== Segment start ==
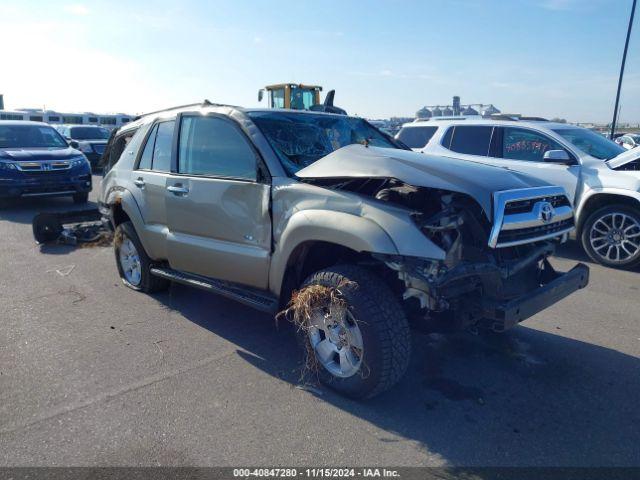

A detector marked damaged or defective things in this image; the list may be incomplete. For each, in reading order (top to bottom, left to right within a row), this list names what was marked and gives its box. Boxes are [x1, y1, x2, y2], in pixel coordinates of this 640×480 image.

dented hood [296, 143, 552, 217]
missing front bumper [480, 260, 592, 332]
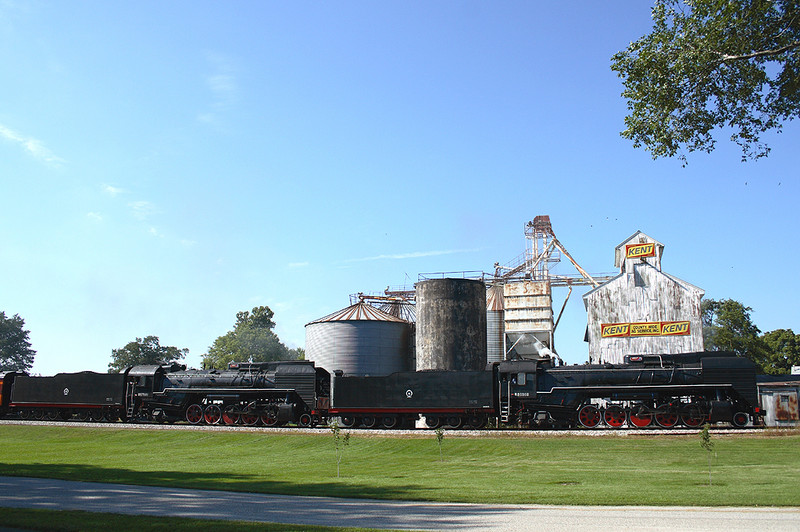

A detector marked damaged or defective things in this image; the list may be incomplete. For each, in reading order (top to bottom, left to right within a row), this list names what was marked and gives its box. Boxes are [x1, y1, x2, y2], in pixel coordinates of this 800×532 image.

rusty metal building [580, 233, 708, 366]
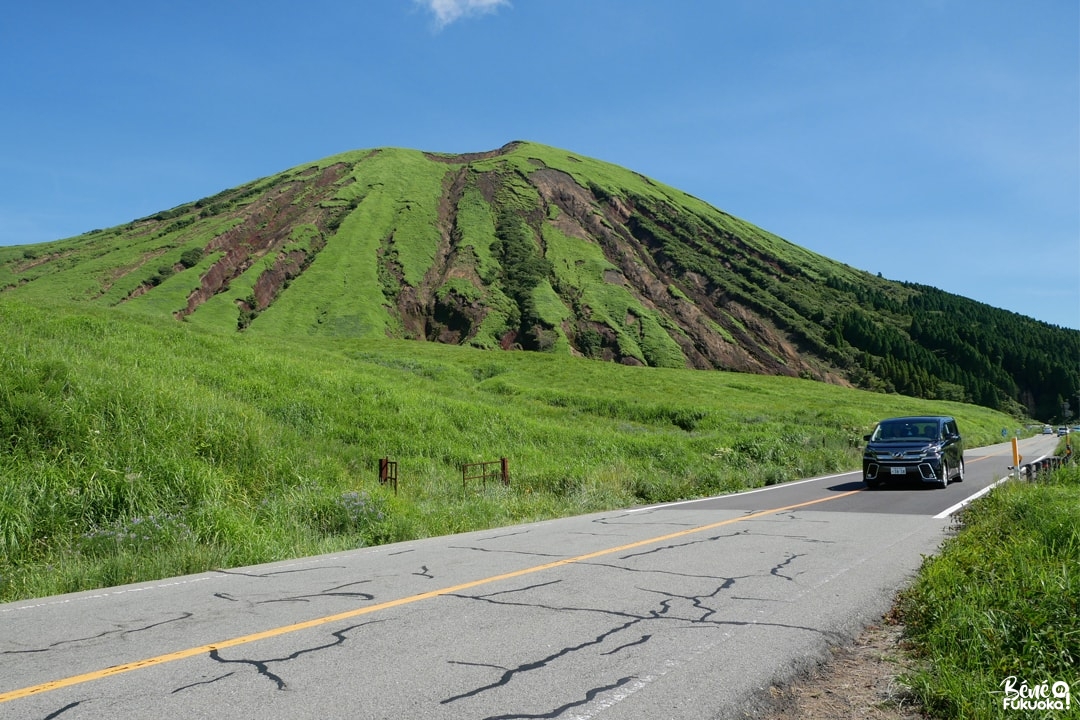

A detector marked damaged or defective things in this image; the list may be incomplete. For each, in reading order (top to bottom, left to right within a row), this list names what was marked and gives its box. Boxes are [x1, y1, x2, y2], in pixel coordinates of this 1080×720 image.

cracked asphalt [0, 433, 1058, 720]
== Segment end ==
== Segment start ==
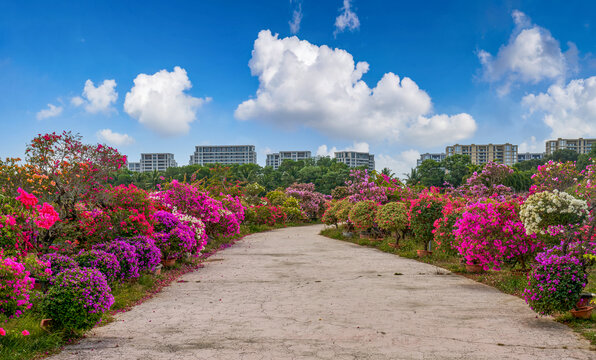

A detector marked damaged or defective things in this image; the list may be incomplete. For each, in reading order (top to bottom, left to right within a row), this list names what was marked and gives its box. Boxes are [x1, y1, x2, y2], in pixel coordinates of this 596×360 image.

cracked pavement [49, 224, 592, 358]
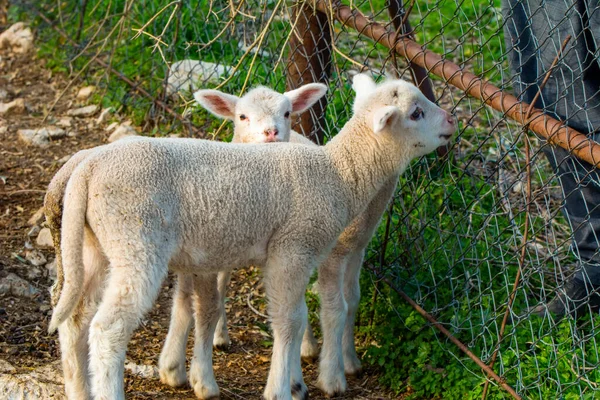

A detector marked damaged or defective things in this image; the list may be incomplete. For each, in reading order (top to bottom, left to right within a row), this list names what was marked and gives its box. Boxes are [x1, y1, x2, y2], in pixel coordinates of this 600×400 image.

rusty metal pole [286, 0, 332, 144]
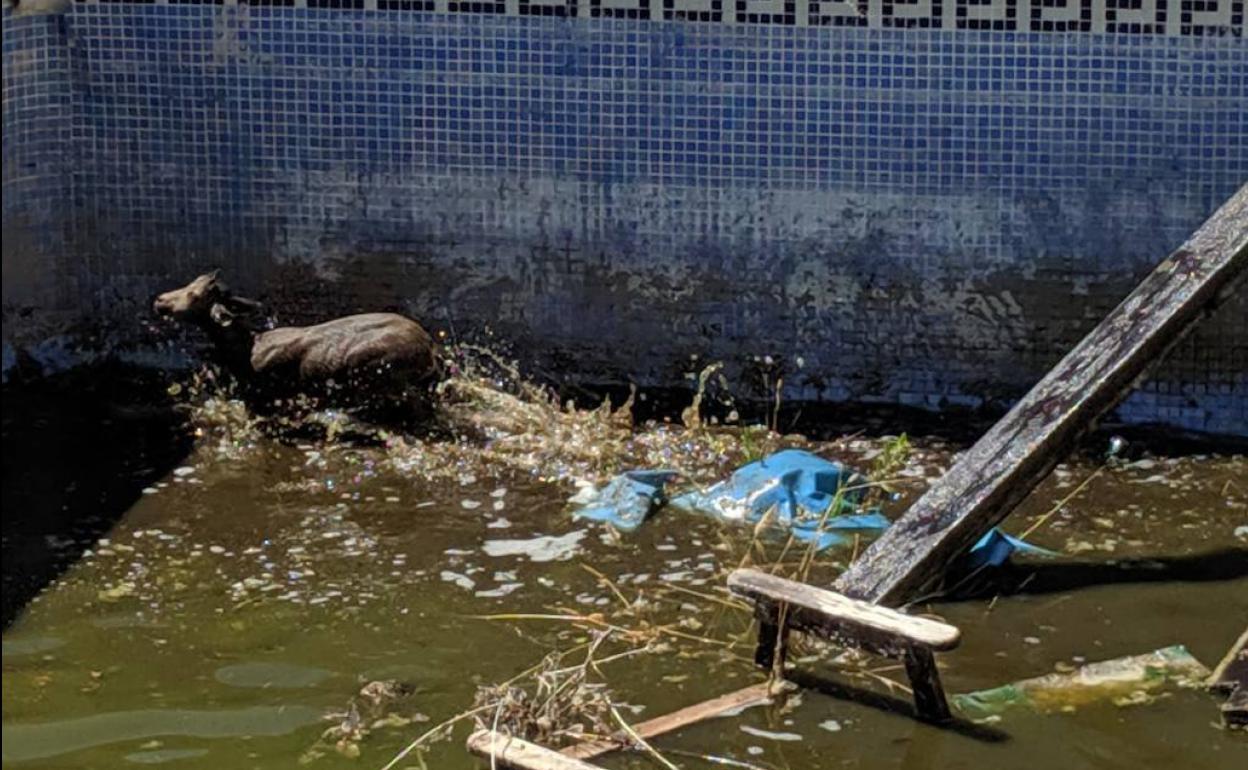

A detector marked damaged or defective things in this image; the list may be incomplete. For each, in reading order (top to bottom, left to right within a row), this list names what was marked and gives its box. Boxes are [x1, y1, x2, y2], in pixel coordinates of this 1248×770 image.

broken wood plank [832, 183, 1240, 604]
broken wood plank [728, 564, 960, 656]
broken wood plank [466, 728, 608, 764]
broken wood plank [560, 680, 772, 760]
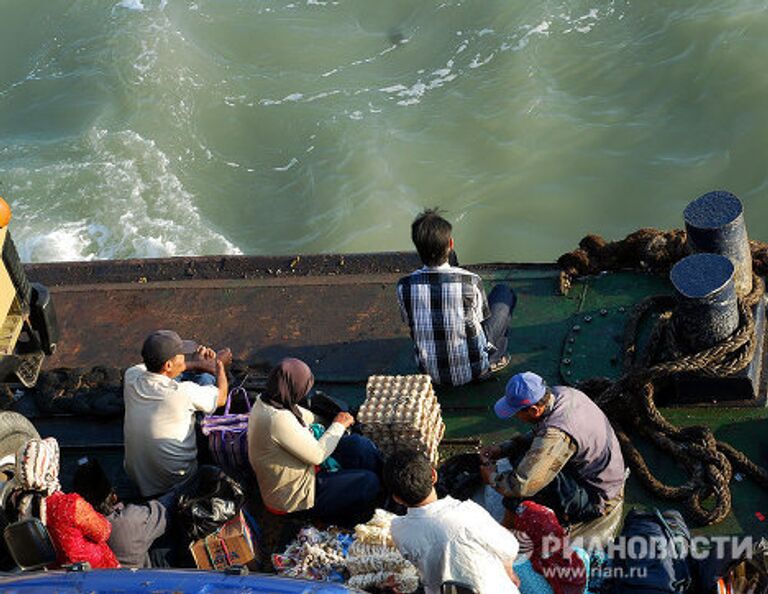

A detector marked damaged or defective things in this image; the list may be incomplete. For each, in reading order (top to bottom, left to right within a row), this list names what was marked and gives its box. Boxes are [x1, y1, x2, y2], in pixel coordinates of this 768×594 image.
== Segment end ==
== Segment start ==
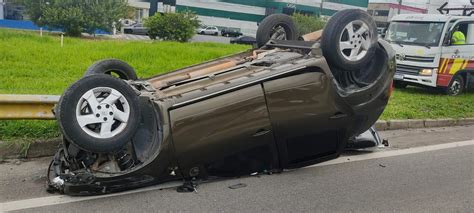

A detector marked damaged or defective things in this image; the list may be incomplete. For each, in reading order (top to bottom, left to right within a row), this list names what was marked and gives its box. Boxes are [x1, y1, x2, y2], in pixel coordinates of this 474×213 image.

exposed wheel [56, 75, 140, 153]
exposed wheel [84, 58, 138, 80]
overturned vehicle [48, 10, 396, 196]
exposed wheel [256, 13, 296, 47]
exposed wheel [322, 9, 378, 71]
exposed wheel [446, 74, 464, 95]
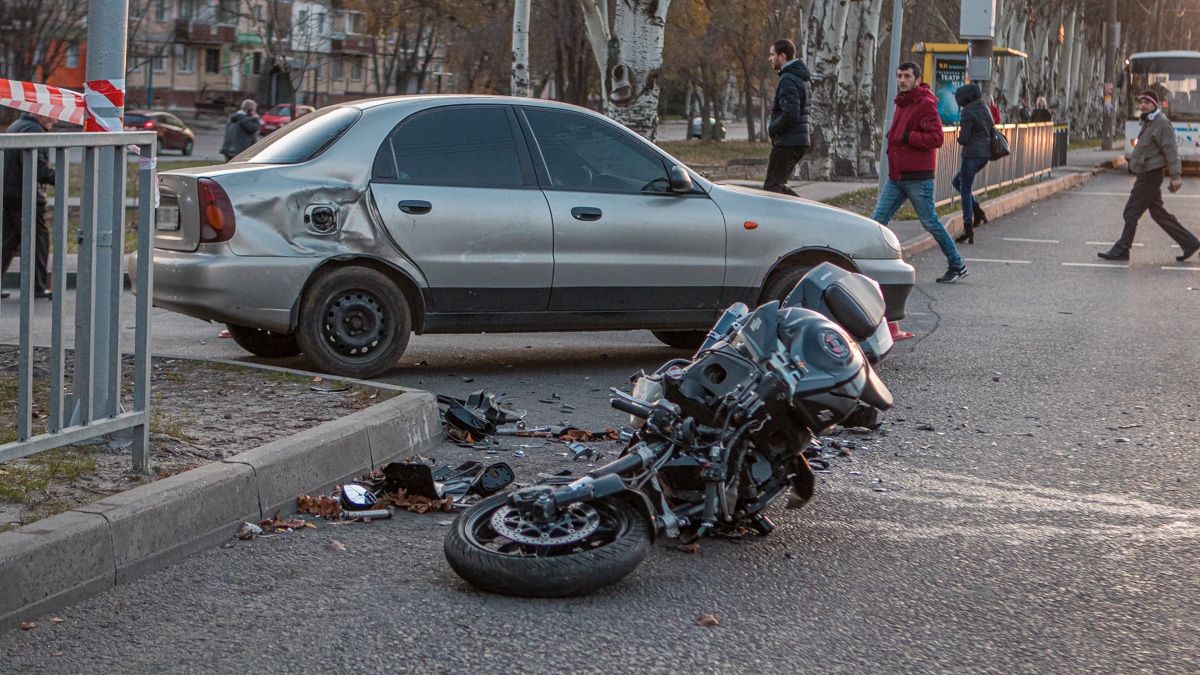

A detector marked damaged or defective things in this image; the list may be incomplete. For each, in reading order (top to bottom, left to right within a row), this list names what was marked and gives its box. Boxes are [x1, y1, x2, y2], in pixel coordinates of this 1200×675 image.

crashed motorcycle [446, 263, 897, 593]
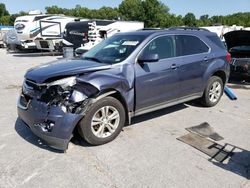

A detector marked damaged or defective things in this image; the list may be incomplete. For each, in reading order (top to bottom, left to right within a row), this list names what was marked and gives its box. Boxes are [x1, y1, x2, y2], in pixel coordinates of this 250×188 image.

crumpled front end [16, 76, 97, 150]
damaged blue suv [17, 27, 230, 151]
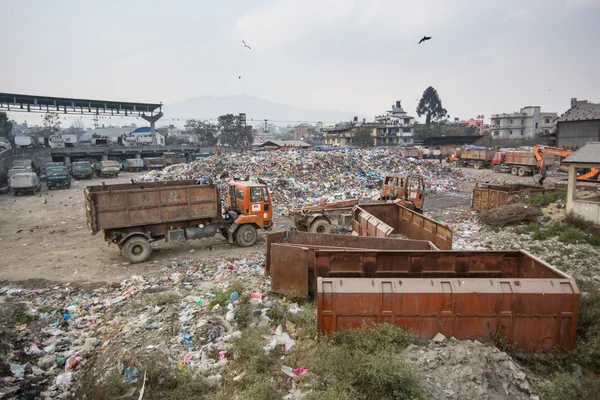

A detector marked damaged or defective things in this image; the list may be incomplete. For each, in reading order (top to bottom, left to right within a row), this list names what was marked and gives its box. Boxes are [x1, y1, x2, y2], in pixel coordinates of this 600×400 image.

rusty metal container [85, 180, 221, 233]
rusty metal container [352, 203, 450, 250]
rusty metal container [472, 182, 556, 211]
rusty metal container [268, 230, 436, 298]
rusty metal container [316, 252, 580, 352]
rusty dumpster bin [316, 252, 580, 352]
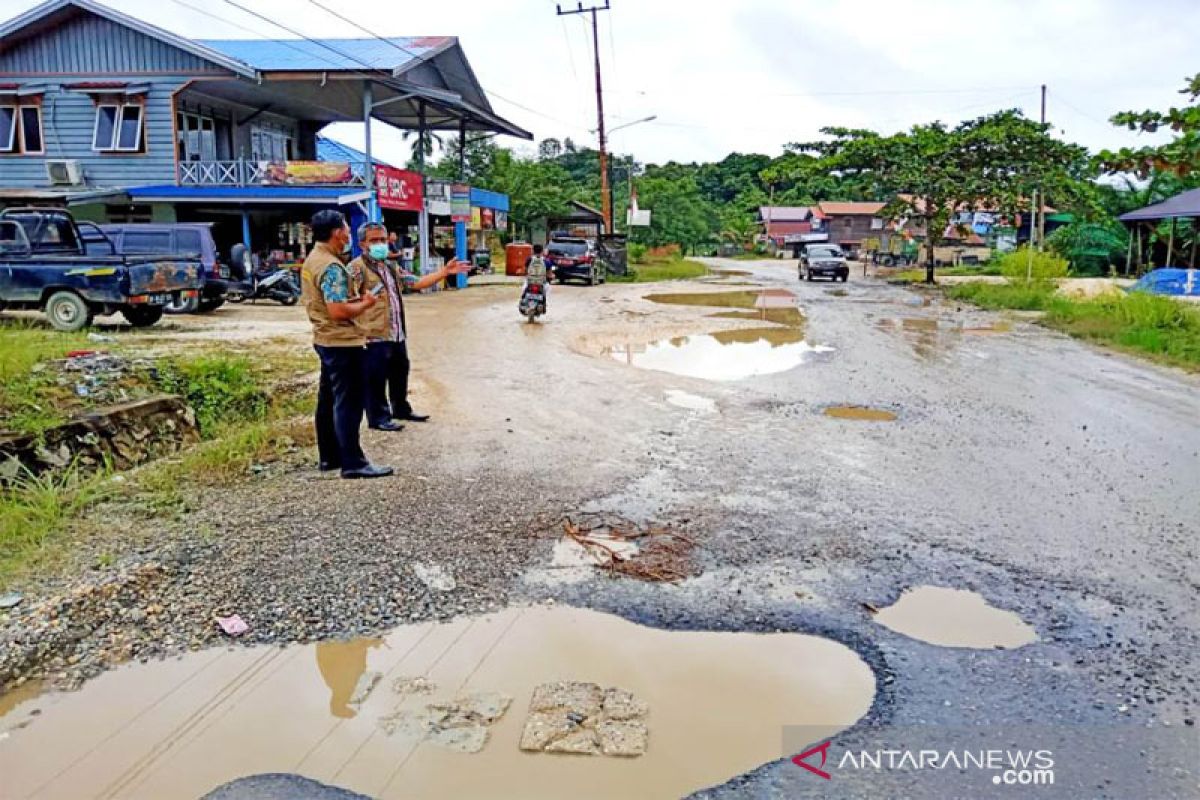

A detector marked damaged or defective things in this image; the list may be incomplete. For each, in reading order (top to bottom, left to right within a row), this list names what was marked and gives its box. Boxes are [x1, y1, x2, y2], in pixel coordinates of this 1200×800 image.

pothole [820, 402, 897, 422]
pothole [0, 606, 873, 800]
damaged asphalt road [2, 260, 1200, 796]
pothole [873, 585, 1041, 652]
== Segment end ==
* [Exercise]: A clean copy is needed of the lines above from the one with "this 1248×770 image." up to and including the one with "this 768×594 image.". Please set it down exactly, with no pictures.

* [Answer space]:
A detector marked damaged or defective things in this image; the list may be incomplete. For each, in reading order (top to bottom, left to right within a row), this list names what was marked and gives its box. Boxes are [x1, y1, x2, y2], in pixel coordinates of this 1248×770 image.

broken wood plank [832, 183, 1240, 604]
broken wood plank [728, 564, 960, 656]
broken wood plank [466, 728, 608, 764]
broken wood plank [560, 680, 772, 760]

A detector marked damaged or defective things in this image; the list may be incomplete. For each, in reading order (top to bottom, left to right within a row), this list names what was marked and gives its box. Boxes are [x1, y1, x2, y2], in pixel coordinates of this 768×594 image.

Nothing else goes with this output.